ビジネスチャンス到来! 全員で一歩前へ!

山口乃理夫 東亜グラウト工業代表取締役社長

山口乃理夫 東亜グラウト工業 代表取締役社長

ビジネスチャンス到来! 全員で一歩前へ!

日本は今、未曽有のビジネスチャンスを迎えていると思うのは私だけであろうか。

世界第二位の経済大国であった日本は2024年にはドイツに抜かれ世界4位となり、平均年収は韓国やスペインにも抜かれ、世界25位となってしまった。バブル崩壊後、「失われた30年」と言われる低迷期から未だ脱することができず、巷では自信なさげに肩を落としながら歩くサラリーマンの姿が目につく。

何故このような状況になってしまったのだろうか。私は大きく二つ要因があるように思う。

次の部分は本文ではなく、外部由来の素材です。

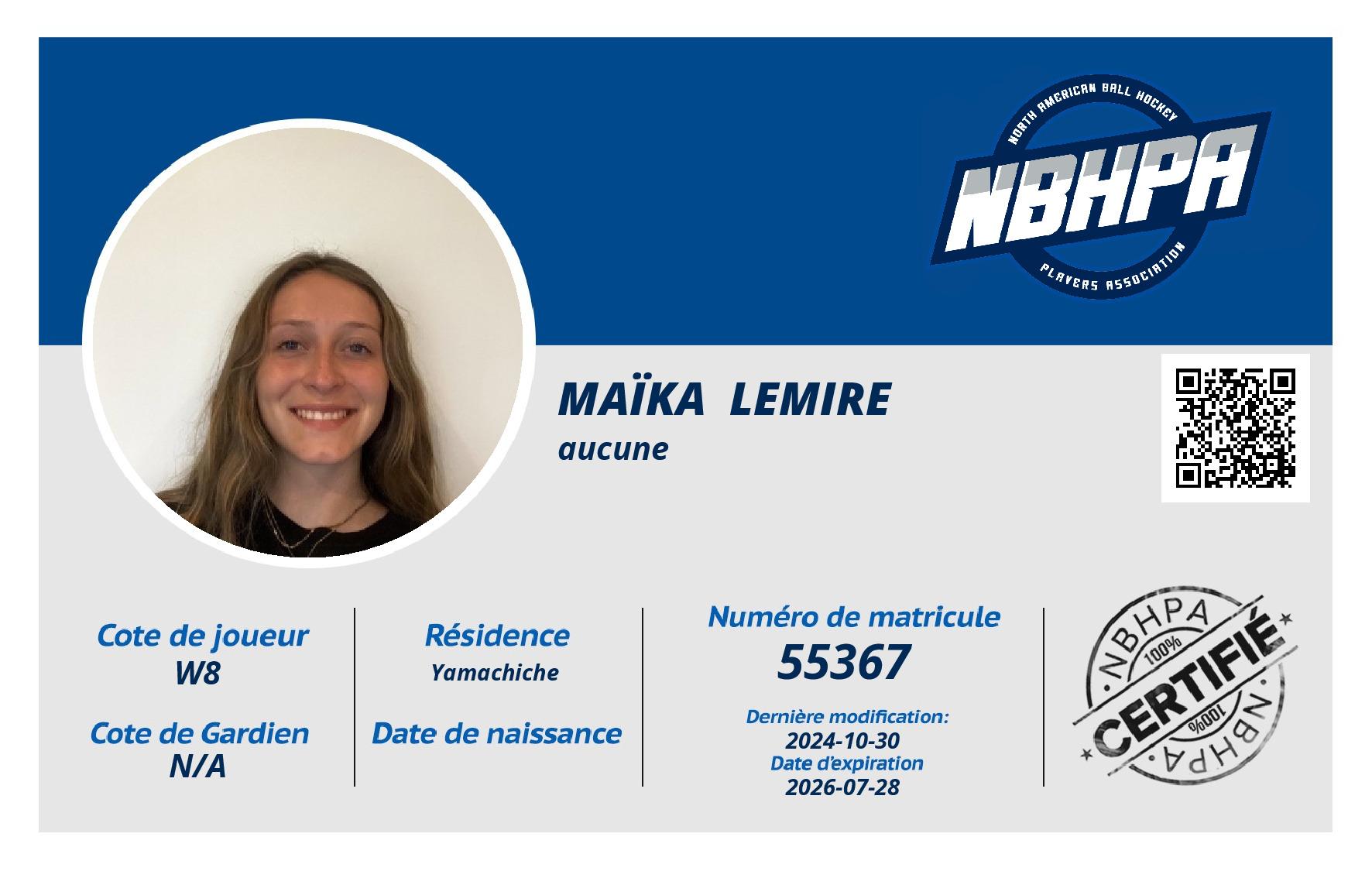 Maïka  Lemire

一つ目は日本人の多くがこのような状況に陥ってしまったことを「他責」で考えてしまっていること。政治が悪い、経営者が悪い、アメリカが悪い、中国が悪い等など。自分一人が頑張ってもどうせ何も変わらないからと選挙にも行かない。自分に責任の一端があるとは露にも思わない。一日一日ただ漫然と過ごす。「別に今困っていないから、このままでいいんじゃないの?」というのが、多くの日本人の本音なんだと思う。

もちろん一人で頑張っても何か変わるわけではないが、数千万人がこんな風に考えているのだから、事態が好転するわけはない。今の状況は(私も含めて)日本国民全員が招いた結果であるということを認識することからはじめないといけない。

二つ目は、日本人の最大の強みであった「勤勉さ」「努力」が、もはや過去の話になってしまったことだ。日本人は本当に勉強しなくなった。「働き方改革」も時短ばかりが騒がれているが、本来の「働き方改革」の意味は、働く人のニーズに応じた多様な働き方を実現し、生産性を高めることを目的とした取り組みのことを指す。

長時間労働の是正は、もちろん進めるべきだが、結果として浮いた時間をYoutubeやSNSをただ単に眺める時間に費やすのではなく、自己研鑽や異業種交流等に割いてほしい。仕事もしない、勉強もしないでは、各国に追い抜かれるのは当たり前だ。そろそろこの状況を全員で脱却しようではないか。

冒頭に戻ろう。なぜ私が、日本が大きなチャンスを迎えていると思うか。理由は3点ある。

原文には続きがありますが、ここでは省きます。